# Other Pythons > General Pythons >  Too many polls.. My SD Retic experience so far

## Foschi Exotic Serpents

Whats up with all the polls on this forum?

Anyway. I have my new SD Retic girl and I am facinated by her every day. My whole life, (well, since I learned of them years ago) I have wanted a Retic but couldnt house such a large snake. Id go to the local reptile stores and always look at them and hold the ones I could handle. 

Now I have my Super Dwarf and everyone was right about how different they are. This girl is the most aware snake I have ever seen. And man is she FAST!

Very easy to handle but she has her days like anything else. Hates going back into her tub and she lets me know. 

She will hold perfectly still if I hold her behind the head to check her head or eyes. She watches my every move if Im anywhere near her. One day I opened the tub just a little and she popped out for a second, saw I had no rat for her and slipped right back in. So I pulled it open a bit more and she popped out again and back in just as fast. We did this 3 times and I was laughing so hard.

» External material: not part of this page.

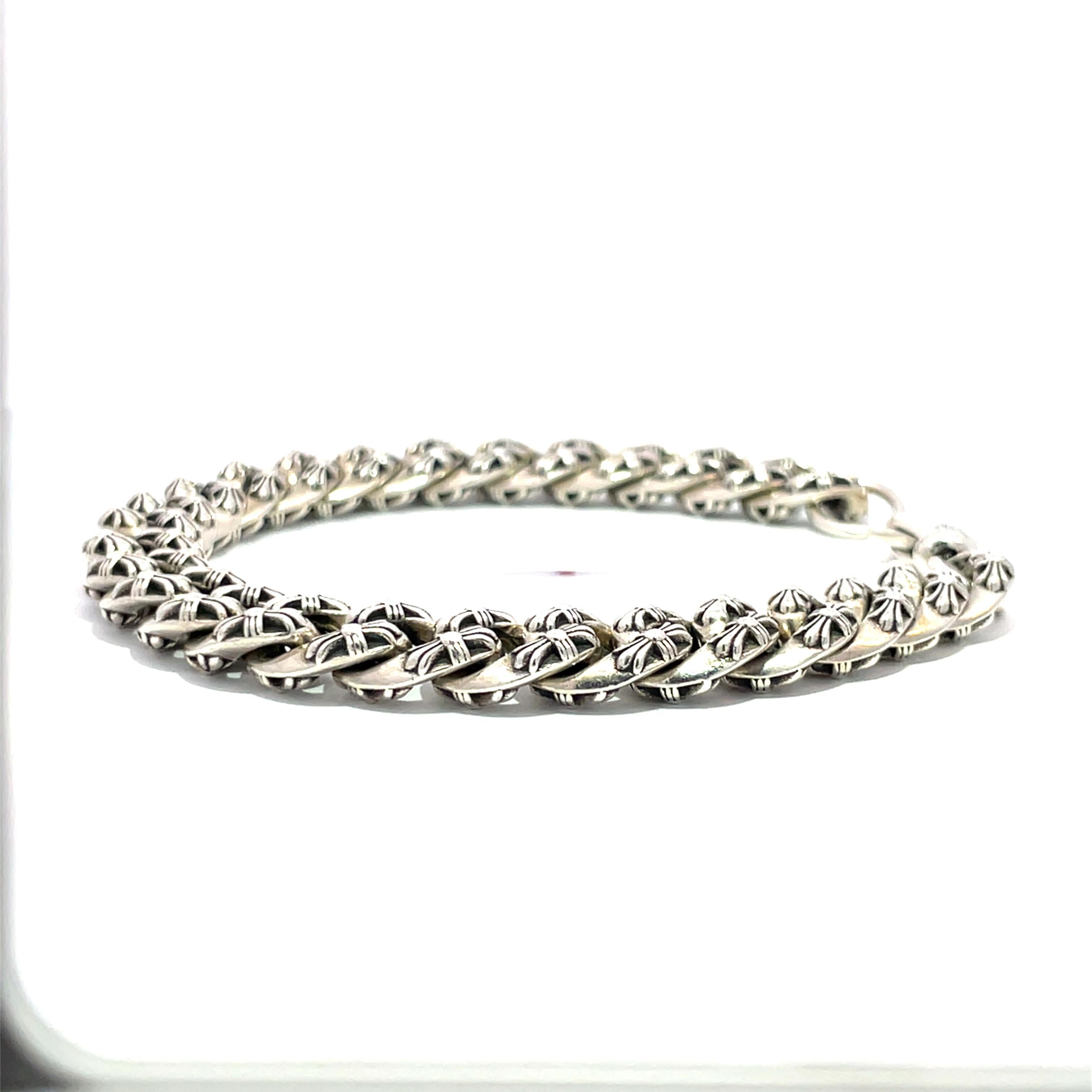 Women's or Men's Chrome Hearts Authentic 2006 Xtra Fancy S925 Bracelet For Sale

These guys really do seem to have a personality. She will tilt her head and look at me. Always seems to be thinking about something. If there is an intelligent snake out there that operates on more than just instinct then these guys are it. 

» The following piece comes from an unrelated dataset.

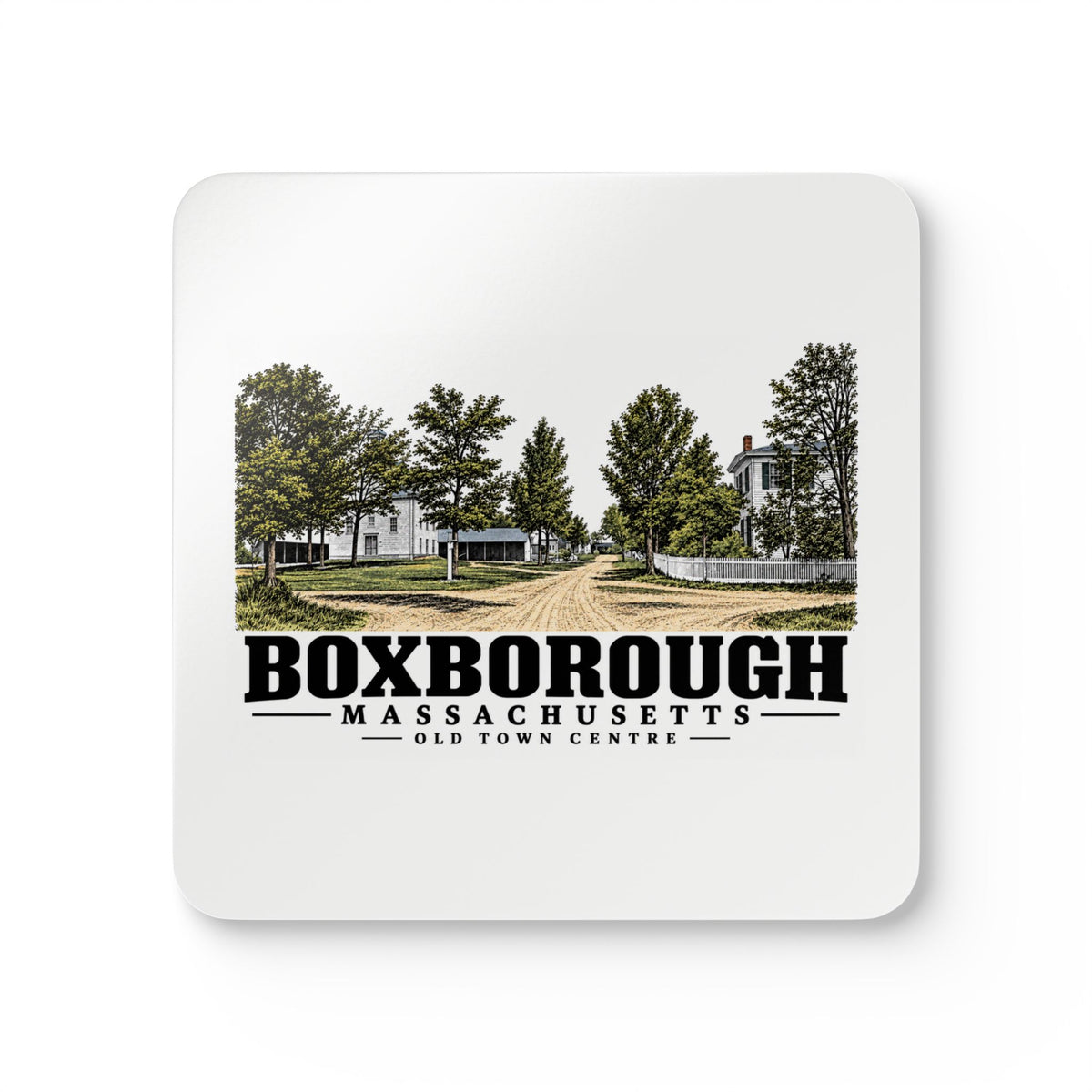 Illustrated Old Town Centre in Boxborough on corkwood coaster set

Best choice I ever made  :Very Happy: 

Now it just needs to warm up here so I can get her a boyfriend!

----------


## PigsnPythons

Congrats on the new girl!   SD on definitely on my short list.  I'm hoping to get a pair next year.  Where did you get yours?  Any pics?

----------


## Foschi Exotic Serpents

Oh yes LOL! I posted pics after I got her but I guess it would make sense to post some on this thread..









I purchased her from Blaizn Reptiles in Fla but she was originally a CB baby from one of their regular customers.

And no her tail is not kinked. She just had it bent funny in that pic. I loved that picture until I saw that lol

----------


## joepythons

She is sweet looking  :Good Job: .I told you they are very smart and curious  :Razz: .I am sure if she could talk, she would have a few special words for you for teasing her with the open the tub and no rat game  :sploosh:

----------

Foschi Exotic Serpents (02-08-2010)

----------


## joepythons

Oh yea the polls are getting a little over board lately  :Weirdface:

----------


## starfire

Beautiful girl... her colors blend in a nice rich gradient. Lovely. 

In that last photo you can almost see the wheels turning in her mind.... No doubt she'll be an adventure. Thanks for posting the pics.

--Starfire

----------

Foschi Exotic Serpents (02-08-2010)

----------


## het.pied

that is a gorgeous snake! how much was it?

----------

Foschi Exotic Serpents (02-08-2010)

----------


## alohareptiles

Love my SD's too...Very inquisitive and like you said..."HATES" going back in her tub...My SD Tiger boy has a 3' crib he resides, so he doesn't mind going back in there...

----------

Foschi Exotic Serpents (02-08-2010)

----------


## Foschi Exotic Serpents

And here is a close up taken today right after she shed..

----------

starfire (12-15-2009)

----------


## Moofins07

SD Retic is definitely on my list. When I do, I only intend to get one, since I'm more fascinated with breeding BPs, but I've always wanted something daunting like a giant python, but knew I could never house something so big. Then I just recently noticed the Super Dwarfs. I thought, "Wow, my dream has become reality."  :Surprised: 

I will for sure be picking one of those beauties up somewhere down the line.  :Good Job:

----------

Foschi Exotic Serpents (02-08-2010)

----------